However, that approach won’t work with MySQL 5.x, which ignores default values for binary and text columns. One possible solution is to overload the attribute’s reader method with logic that sets the default value if it’s nil.
def preferences
read_attribute(:preferences) || write_attribute(:preferences, {})
end
I prefer this method over the alternative, using an after_initialize callback, because it incurs a small performance hit only when the preferences attribute is actually used and not at instantiation time of every single User object in your system.
5.3.3 ActiveRecord::Store
With version 3.2, Rails introduced the store declaration, which uses serialize behind the scenes to declare a single-column key/value store.

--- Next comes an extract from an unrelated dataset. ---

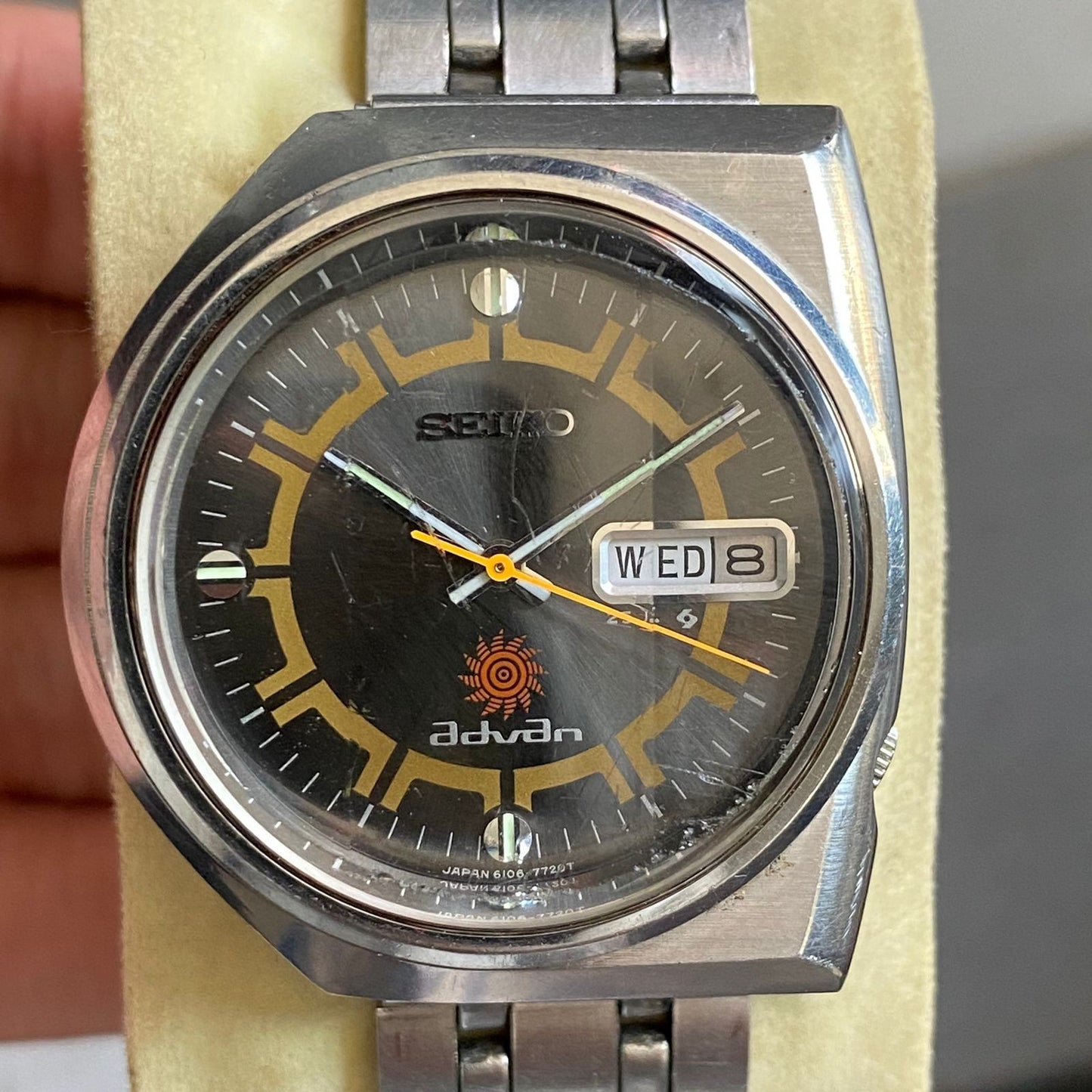 RARE Seiko Advan 6106-7550 Day Date Black Dial Faceted Vintage Asymetrical Watch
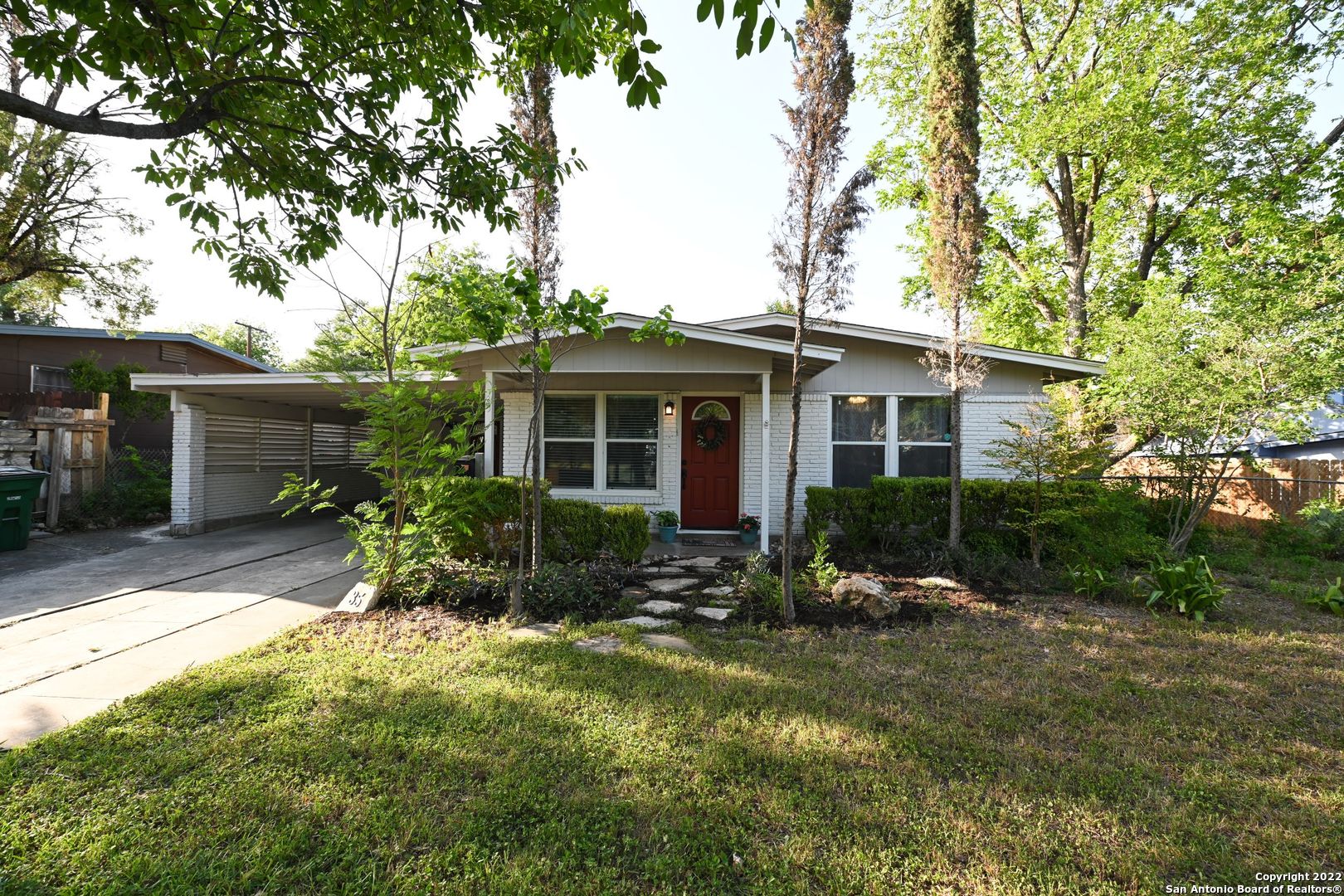 35 Storeywood Drive San Antonio TX 78213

classUser < ActiveRecord::Base
store :preferences
end
An added benefit of using store is that its assigned serialized attribute is set to an empty Hash by default. Therefore removing the need to set a default by overriding the attribute’s reader method or setting one at the database level, as was done in the previous section.
It’s possible to add an :accessors option to the store declaration which declares read/write accessors in your Active Record model.

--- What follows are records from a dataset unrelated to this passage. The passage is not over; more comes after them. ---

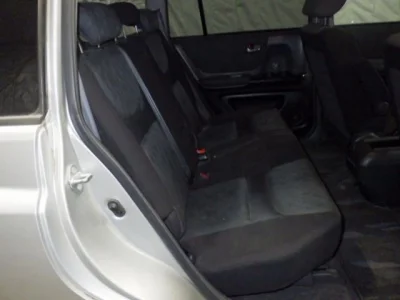 TOYOTA KLUGER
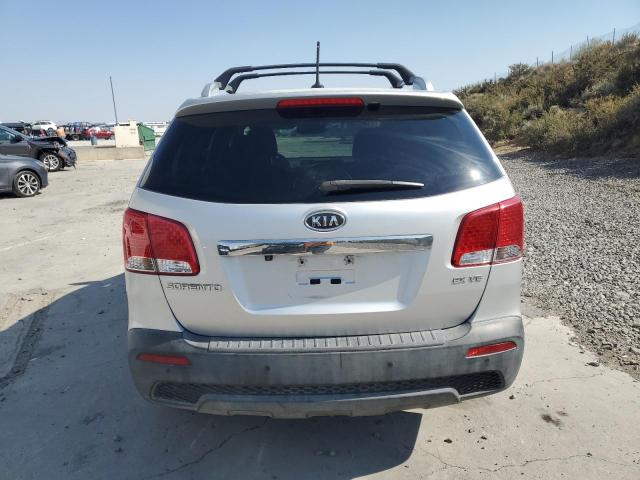 Photo 6 from auction – 2013 KIA SORENTO EX with VIN 5XYKUDA20DG411340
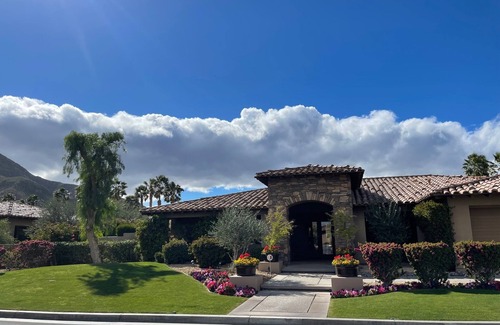 Indian Wells House | Amazing 5 bedroom Indian Wells Country Club home with private backyard!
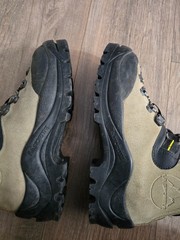 Lightly used la sportiva makalu boots men’s US size 9/EU 42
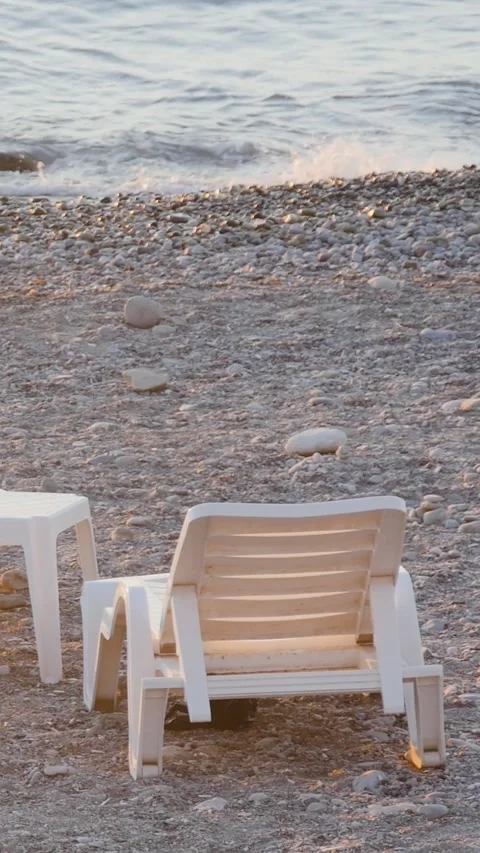 Mobile-friendly vertical video of the Mediterranean coast at dusk, showing e 库存影片 334627850
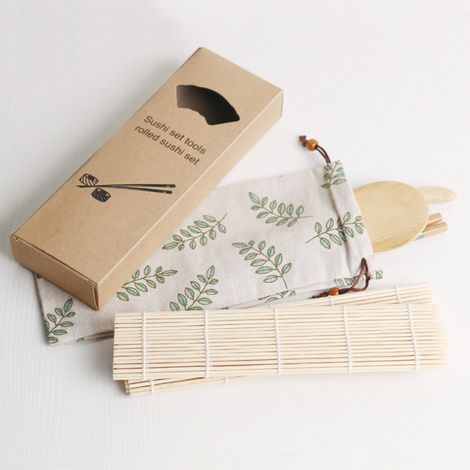 Kit à sushi 100 % bambou : tapis de roulage, spatule à riz, spatule à riz, baguettes. (1/5)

store :preferences, accessors: [:inline_help]
Writing to a store accessor method will create a key/value pair within the serialized hash attribute, as shown in the following example:
>> user = User.new
=> #<User id: nil, preferences: {}, ...>
>> user.inline_help = false
=> false
>> user.preferences
=> {"inline_help"=>false}
Alternatively, you can use the store_accessor declaration to declare read/write accessors for a serialized attribute.

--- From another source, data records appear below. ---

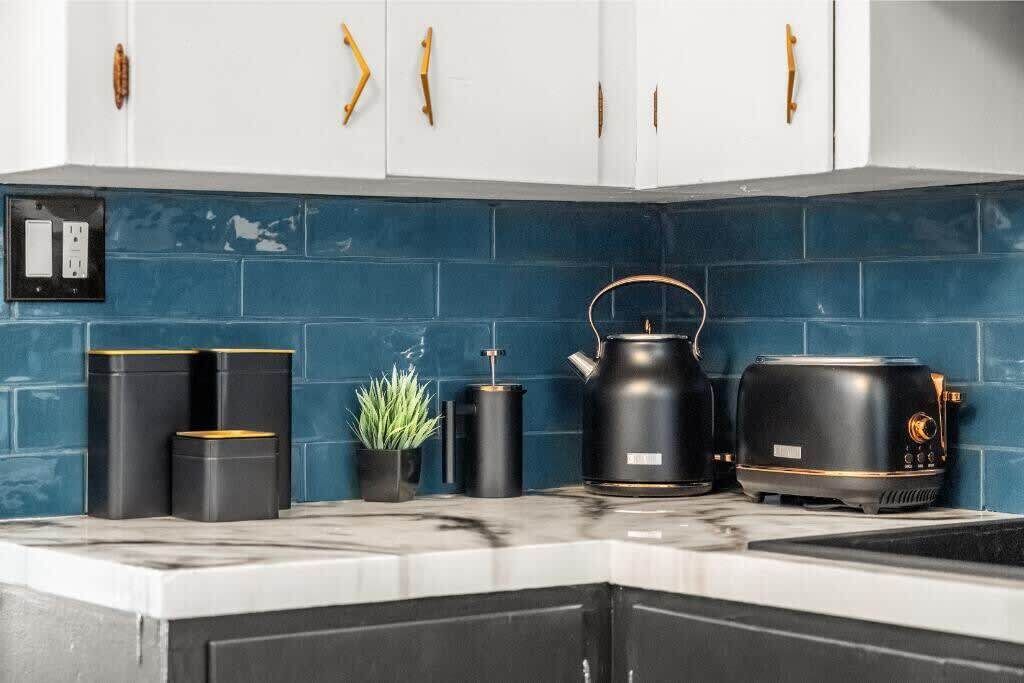 Køleskab, mikrobølgeovn, ovn, kogeplade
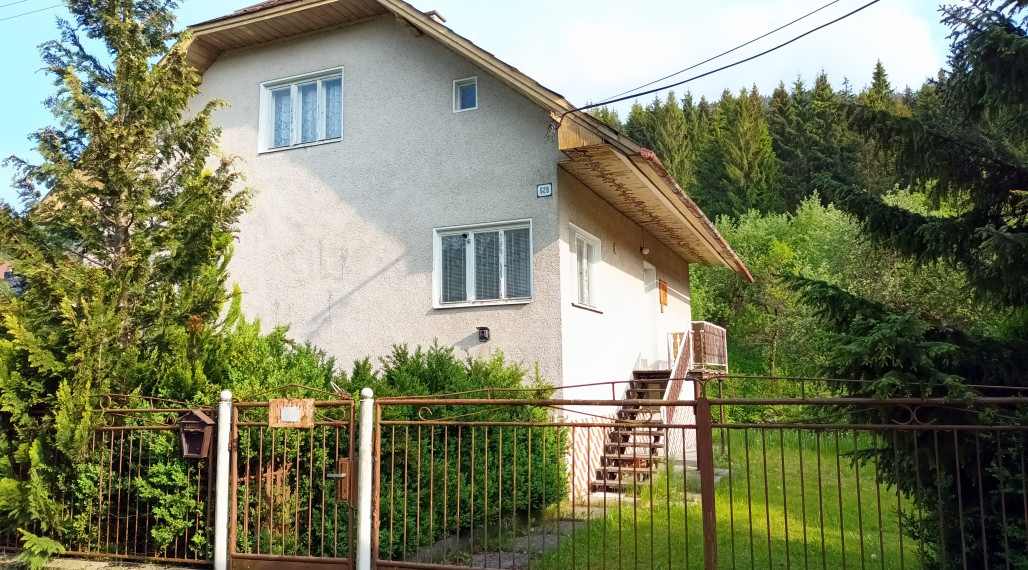 Rodinný dom s veľkým pozemkom vhodný na investíciu v Terchovej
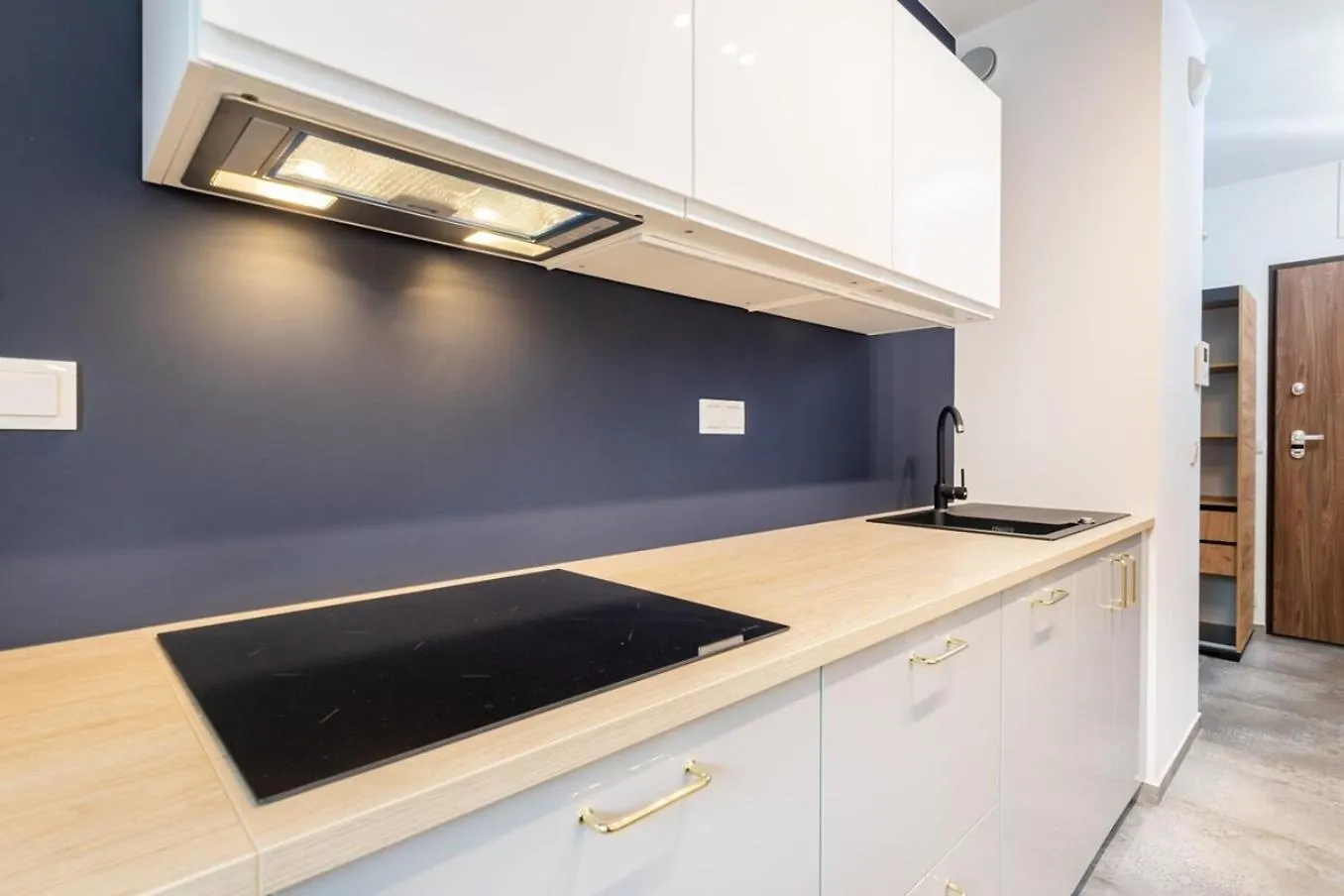 Premium White Marina Apartment Chopin Airport وارسو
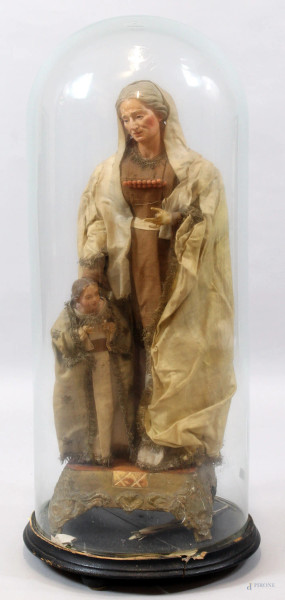 Sant&#39;Anna con la Madonna, gruppo in terracotta e stoffa poggiante su base in legno dorato entro campana in vetro, altezza 46 cm, altezza campana 67 cm, XVIII secolo, (difetti).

store_accessor :inline_help
5.4 CRUD: Creating, Reading, Updating, Deleting
The four standard operations of a database system combine to form a popular acronym: CRUD. It sounds somewhat negative, because as a synonym for garbage or unwanted accumulation the word crud in English has a rather bad connotation. However, in Rails circles, use of the word CRUD is benign. In fact, as in earlier chapters, designing your app to function primarily as RESTful CRUD operations is considered a best practice!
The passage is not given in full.